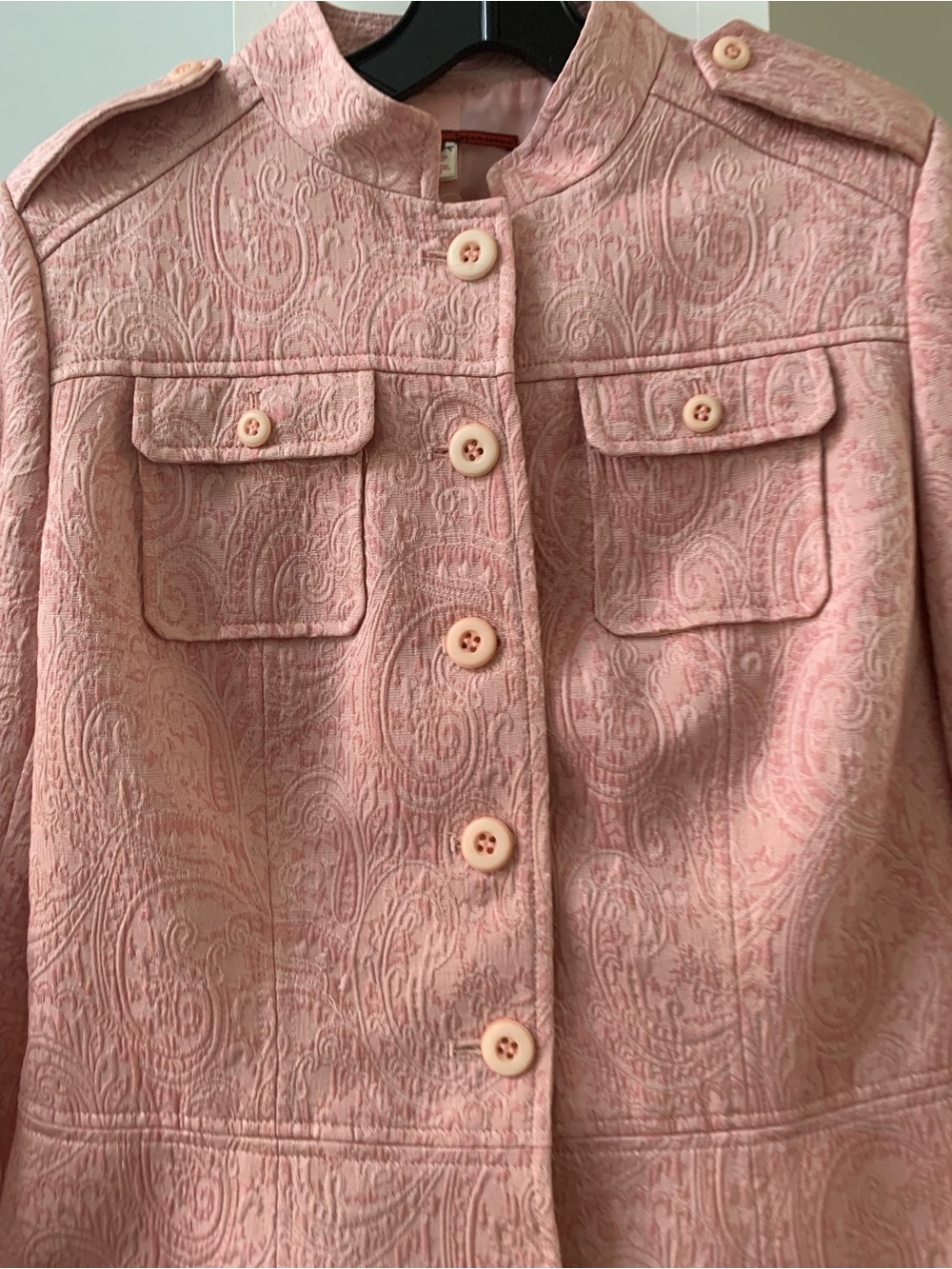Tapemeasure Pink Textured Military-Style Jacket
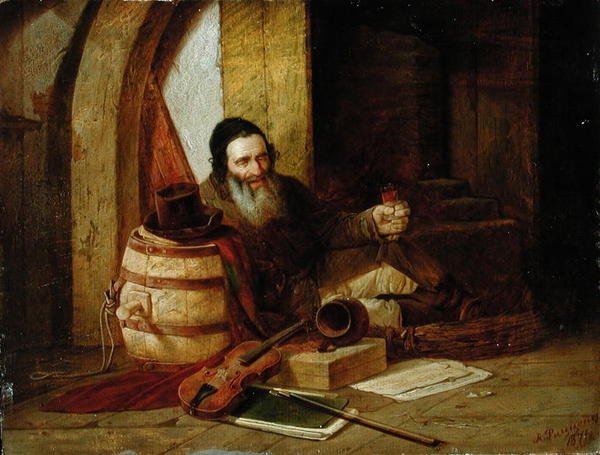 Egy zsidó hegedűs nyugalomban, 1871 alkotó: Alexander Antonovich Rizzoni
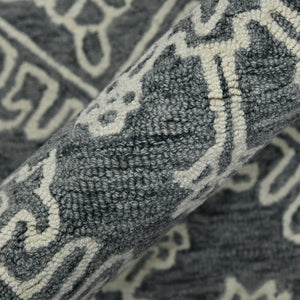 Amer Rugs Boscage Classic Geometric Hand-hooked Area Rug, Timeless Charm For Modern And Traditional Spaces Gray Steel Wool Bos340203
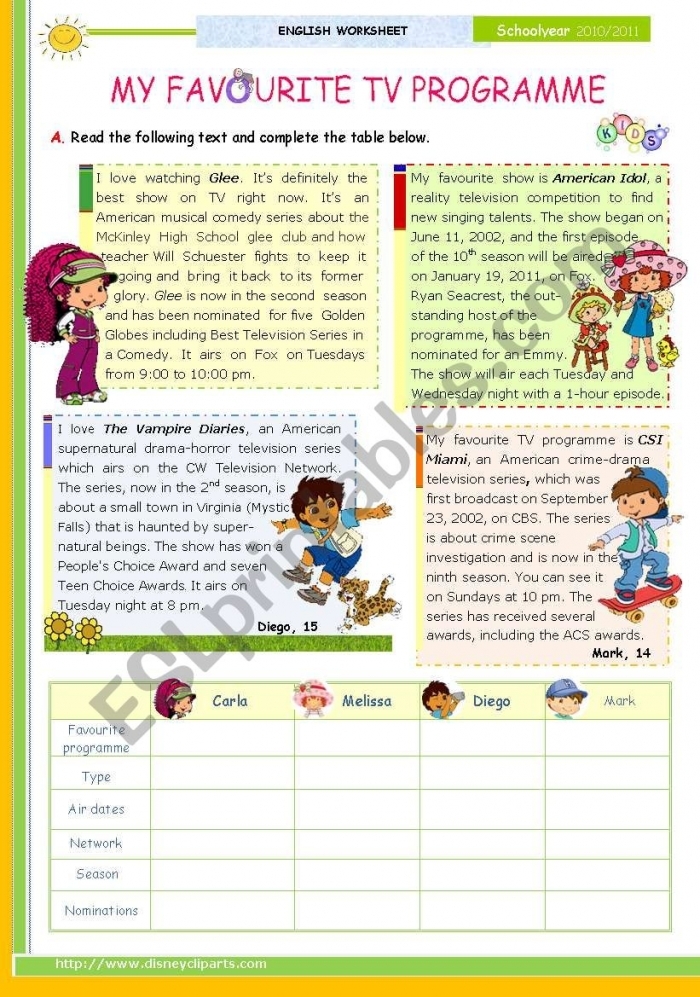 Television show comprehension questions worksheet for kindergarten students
■ ■ ■ ■
DIRECTIONS FOR THIS TASK: Rewrite the data above exactly as given, but omit the images.

SOLUTION TO THIS TASK:
Tapemeasure Pink Textured Military-Style Jacket
 Egy zsidó hegedűs nyugalomban, 1871 alkotó: Alexander Antonovich Rizzoni
 Amer Rugs Boscage Classic Geometric Hand-hooked Area Rug, Timeless Charm For Modern And Traditional Spaces Gray Steel Wool Bos340203
 Television show comprehension questions worksheet for kindergarten students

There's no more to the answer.